Latent Spaces: The Bridge Between Minds and Machines
The mathematics behind embeddings and the metaphors of our thoughts
When Richard Feynman — one of the most brilliant physicists of the 20th century — tried to describe how he thought about complex problems, he found himself struggling. “It’s like asking a centipede which leg comes after which,” he said. “It happens quickly and I’m not exactly sure what flashes and stuff go on in the head.”
What Feynman discovered, in a deeply personal way, was something that sits at the core of both human cognition and modern artificial intelligence: we all inhabit unique latent spaces.
What are embeddings: The technical version
In modern AI architectures, embeddings are dense vector representations of data in a multidimensional space. When a language model processes the word “cat,” it doesn’t simply see five characters but rather a vector of floating-point numbers — say, an array with 768 dimensions — where each dimension captures some semantic aspect of that word.
These vector representations are created through a training process that positions similar words or concepts close to each other in this mathematical space. Proximity is typically measured using cosine or Euclidean distance. Thus, the embedding for “cat” will be closer to “feline” than to “automobile.”
Technically, these structures are products of matrix transformations where:
embedding = input_data × weight_matrix
Models like BERT, Word2Vec, or the embedding layers in architectures like GPT use different approaches to optimize these transformations, but they all share the fundamental goal: creating a latent space where geometry reflects meaningful semantic relationships.
The latent space of the human brain: A constant translation
Now, let’s imagine something fascinating: what if our brains also operated in particular latent spaces?
Feynman once conducted a simple experiment with his mathematician colleague John Tukey. Both tried to count to 60 seconds mentally. Feynman discovered he could read while counting, but couldn’t speak. Tukey, surprisingly, could speak while counting, but couldn’t read.
The revelation came when they compared notes: Feynman counted by speaking numbers to himself internally — occupying his “verbal system.” Tukey visualized a tape with numbers that changed — occupying his “visual system.” Same task, radically different internal representations.
This is the Feynmanian translation in action. When we converse about complex ideas — be they Bessel functions or electromagnetic fields — we are constantly translating between deeply unique personal latent spaces.
The translation dance: AIs vs.

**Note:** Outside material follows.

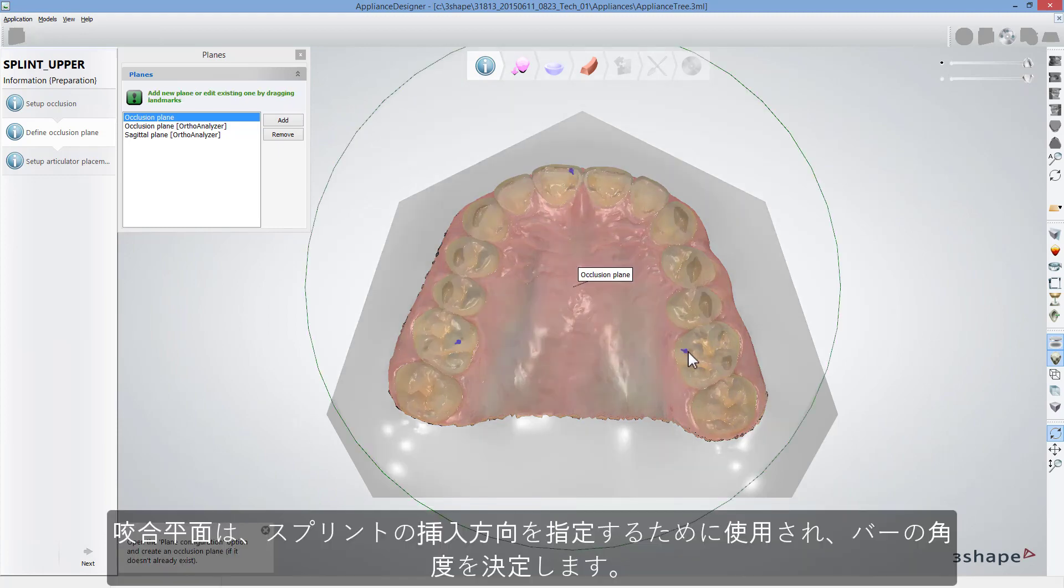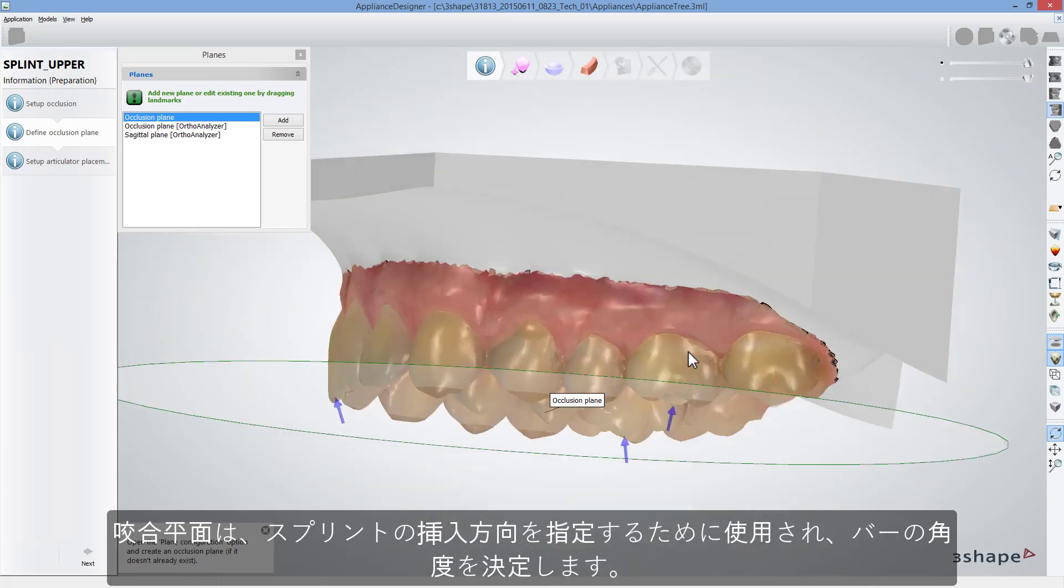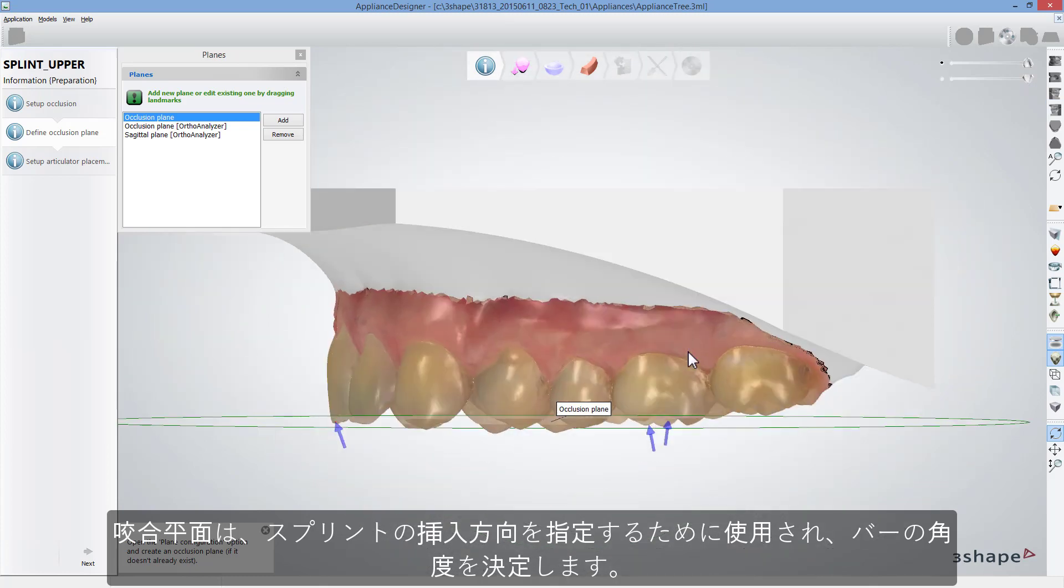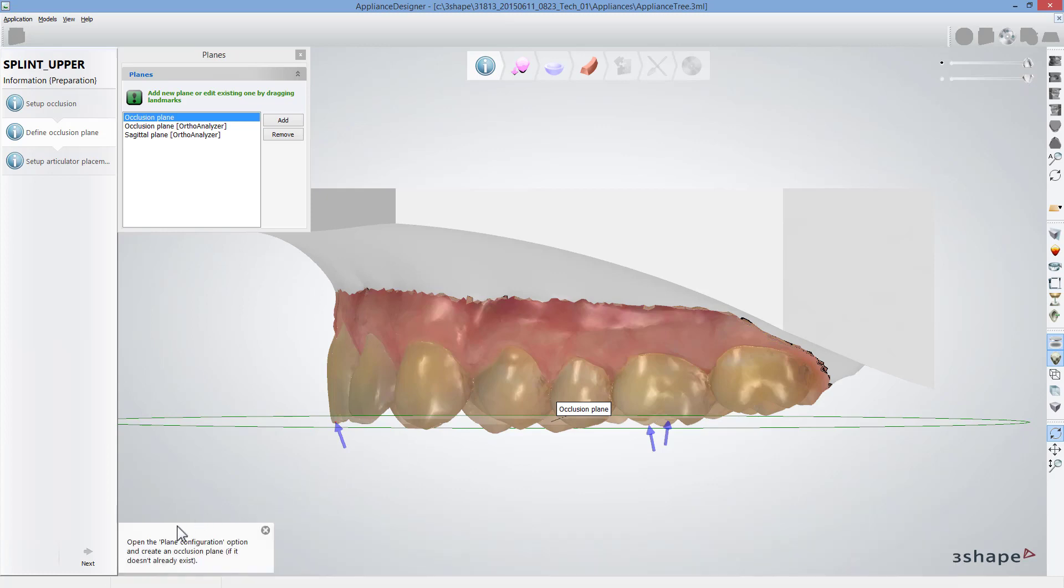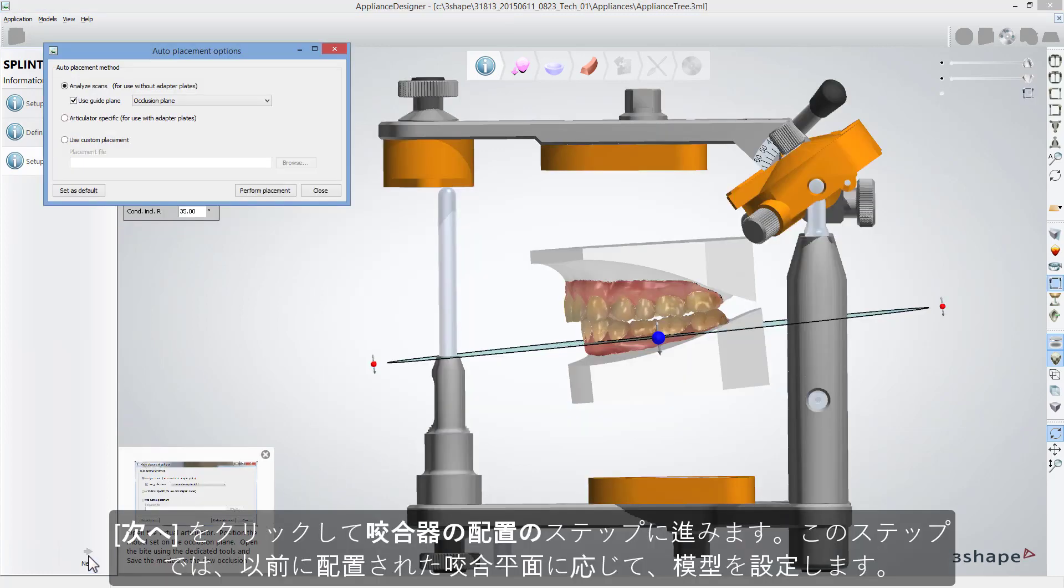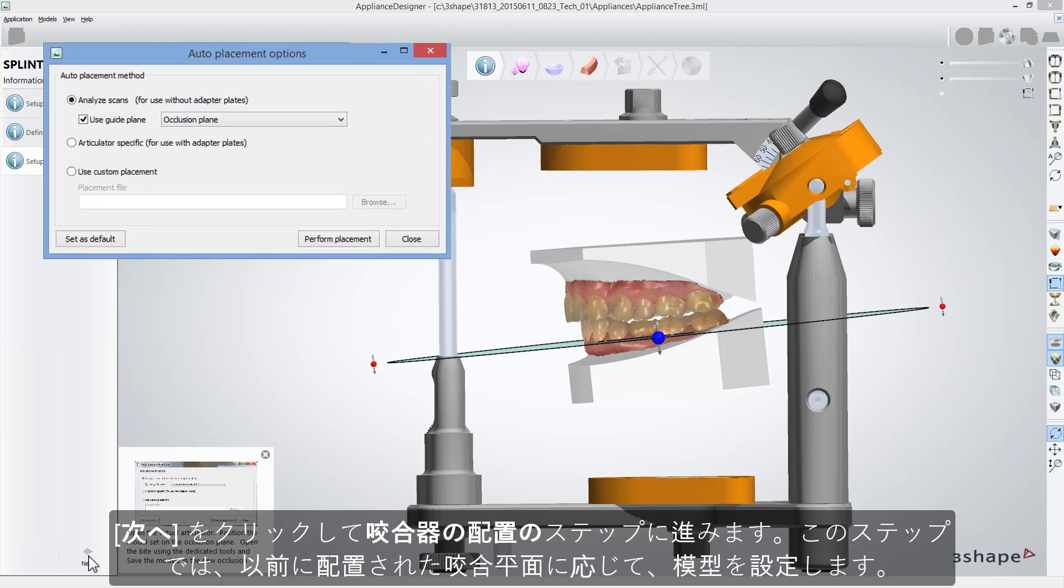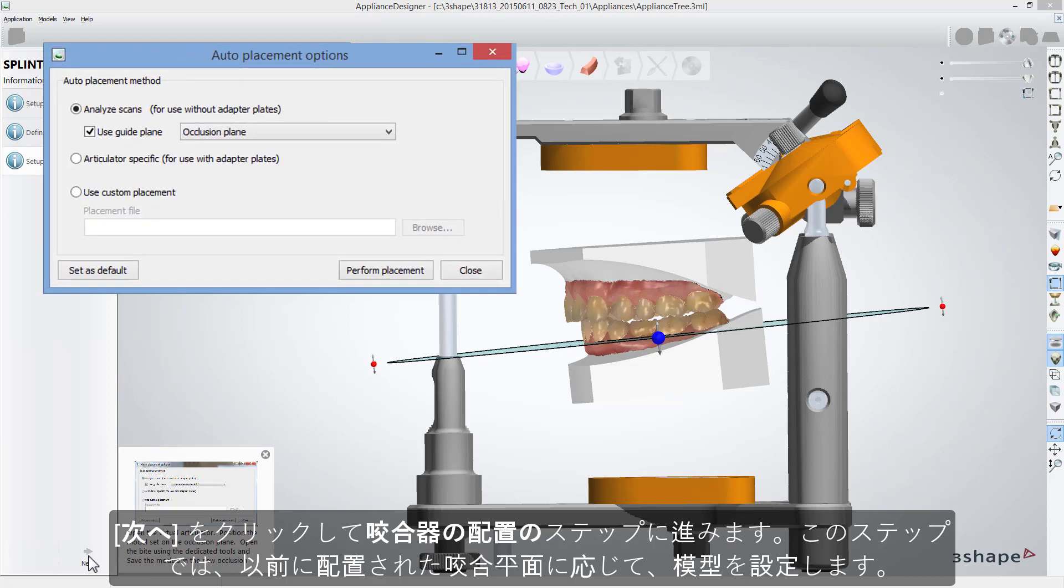Occlusal plane will be used to define the initial insertion line of the splint and will determine the angulation of the bar. Now click Next to get to the Sculpt Articulator Placement step to set models according to one of the occlusal planes.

Humans
Imagine now the following scenario:
- You read a text about quantum physics
- The words are processed and mapped to your personal brain latent space
- You manipulate these concepts internally
- You translate back to language when you need to communicate
A modern AI like GPT follows a surprisingly similar flow:
- Receives input text about quantum physics
- Maps it to its mathematical latent space (embeddings)
- Performs operations on these vector representations
- Converts back to language tokens as output
The crucial difference is that your latent space was formed through your biology, personal experiences, years of specific education, associated emotions, and countless other irreproducible human factors. The AI’s was formed through mathematical optimization on text corpora.
The Tower of Babel in our minds
When Feynman says: “When we’re talking to each other at these high and complicated levels, we think we’re speaking very well, but what we’re really doing is having some kind of big translation scheme going on,” he describes something profound.
It’s as if each human mind were a country with its own language and culture. Communication is not simply transmitting information — it’s an act of cross-cultural translation.
Suppose I try to explain a complex mathematical concept:
- My latent space: I see geometric patterns unfolding spatially.
- Your translation: You might translate this into logical sequences in discrete steps.
- The AI’s translation: It maps to specific clusters in its embedding space.
When you have difficulty understanding my explanation, it may not be due to a lack of ability, but because my explanation is optimized for my own latent space — and the translation to yours is imperfect.
The universal dictionary
Think of AI embeddings as an attempt to create a “universal dictionary” — a shared mathematical space where translations are more predictable and consistent.
If human latent spaces are like separate islands with improvised bridges of communication between them, AI latent spaces try to be mathematically mapped oceans where navigation follows more consistent rules.
When an engineer optimizes embeddings for a language model, they are essentially trying to create a space that approximates the “average dictionary” of translation between all the human minds that produced the training data.
Conclusion: The imperfect translation
Perhaps the most profound aspect of Feynman’s observation is recognizing the fundamental imperfection of all human communication. When we communicate about complex ideas, we’re never really sharing the idea itself — just offering instructions for the other to reconstruct a version of it in their own latent space.
Modern AIs, with their elaborate embedding systems, don’t escape this limitation — they merely formalize it mathematically. An AI’s latent space may be precise in a mathematical sense, but it remains an approximation of the endless human latent spaces it tried to model.
In the end, the most surprising thing is not that we occasionally misunderstand each other, but that we manage to understand each other as well as we do, constantly navigating between islands of thought across improvised bridges of language.
And perhaps this is the true wonder of both human cognition and artificial intelligence: not perfect precision, but the ability to translate between fundamentally different worlds — be they cerebral or mathematical — and still find shared meaning.